● **Data records**
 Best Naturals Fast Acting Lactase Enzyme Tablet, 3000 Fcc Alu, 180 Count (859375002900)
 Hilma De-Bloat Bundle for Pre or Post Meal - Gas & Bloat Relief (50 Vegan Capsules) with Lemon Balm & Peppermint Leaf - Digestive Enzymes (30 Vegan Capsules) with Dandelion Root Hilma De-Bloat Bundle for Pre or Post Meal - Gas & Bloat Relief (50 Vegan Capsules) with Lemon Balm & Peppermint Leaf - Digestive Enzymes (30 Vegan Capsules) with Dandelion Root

---

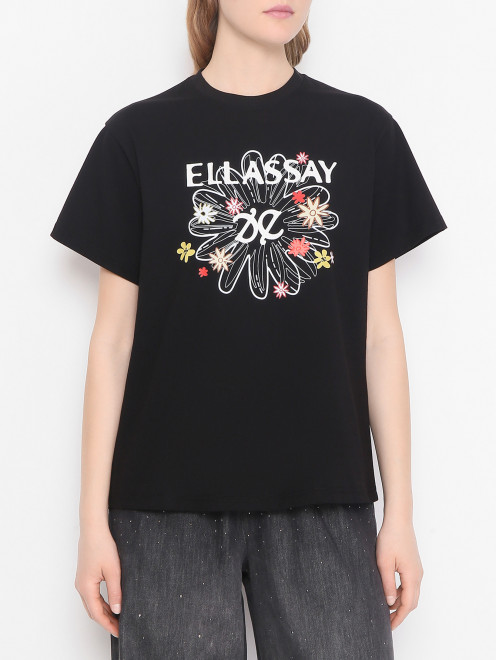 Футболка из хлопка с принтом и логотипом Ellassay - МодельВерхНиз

* * *

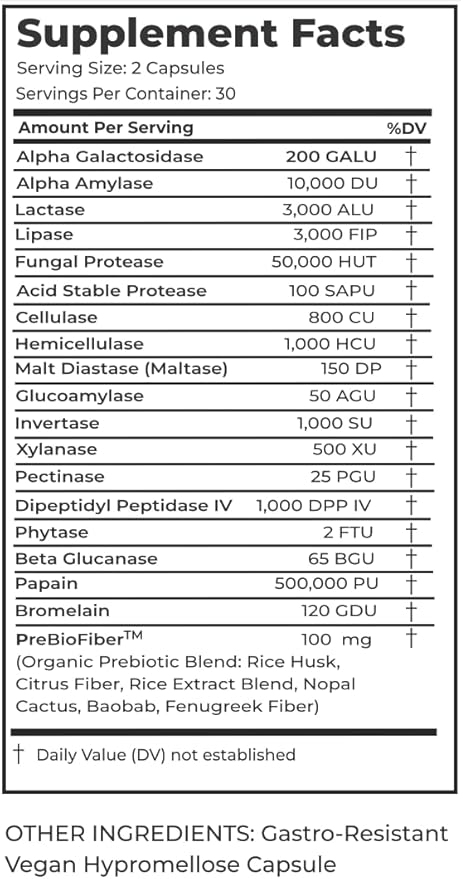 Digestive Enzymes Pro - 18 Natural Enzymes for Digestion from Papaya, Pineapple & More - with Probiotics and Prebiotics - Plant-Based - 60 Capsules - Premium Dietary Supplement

● **To do**
Look above for the line holding "Best Naturals Fast". Print it and every line after it, exactly, through the line holding "Dandelion Root Hilma".

● **Written response**
 Best Naturals Fast Acting Lactase Enzyme Tablet, 3000 Fcc Alu, 180 Count (859375002900)
 Hilma De-Bloat Bundle for Pre or Post Meal - Gas & Bloat Relief (50 Vegan Capsules) with Lemon Balm & Peppermint Leaf - Digestive Enzymes (30 Vegan Capsules) with Dandelion Root Hilma De-Bloat Bundle for Pre or Post Meal - Gas & Bloat Relief (50 Vegan Capsules) with Lemon Balm & Peppermint Leaf - Digestive Enzymes (30 Vegan Capsules) with Dandelion Root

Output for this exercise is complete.